-- Information given follows --
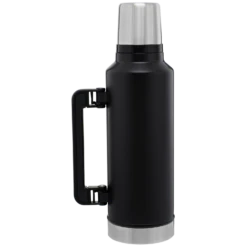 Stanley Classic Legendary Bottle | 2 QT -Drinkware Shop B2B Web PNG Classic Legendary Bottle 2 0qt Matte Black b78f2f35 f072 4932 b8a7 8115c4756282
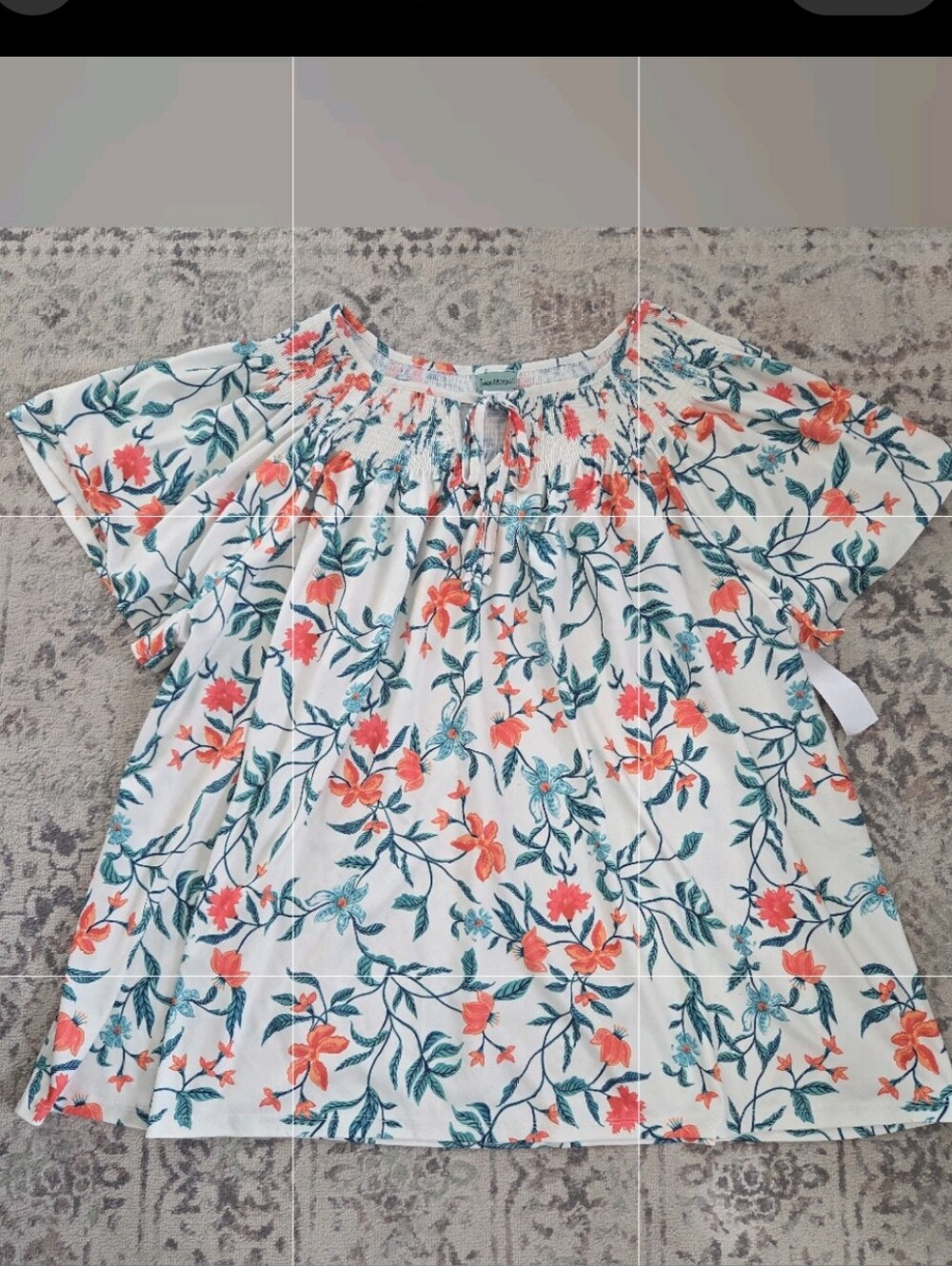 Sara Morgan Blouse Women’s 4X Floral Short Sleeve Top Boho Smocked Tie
-- Information given concluded --
-- Information given follows --
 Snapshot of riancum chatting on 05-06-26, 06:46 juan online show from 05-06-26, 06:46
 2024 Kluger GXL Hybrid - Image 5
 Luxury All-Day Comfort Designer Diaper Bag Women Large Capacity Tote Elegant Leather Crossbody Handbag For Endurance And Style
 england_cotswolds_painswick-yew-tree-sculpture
-- Information given concluded --
_About this exercise_.
When copying from the data above, print only the lines from the line containing "Stanley Classic Legendary" to the line containing "Sara Morgan Blouse", exactly, and leave the pictures out.

_Solution to this task_.
 Stanley Classic Legendary Bottle | 2 QT -Drinkware Shop B2B Web PNG Classic Legendary Bottle 2 0qt Matte Black b78f2f35 f072 4932 b8a7 8115c4756282
 Sara Morgan Blouse Women’s 4X Floral Short Sleeve Top Boho Smocked Tie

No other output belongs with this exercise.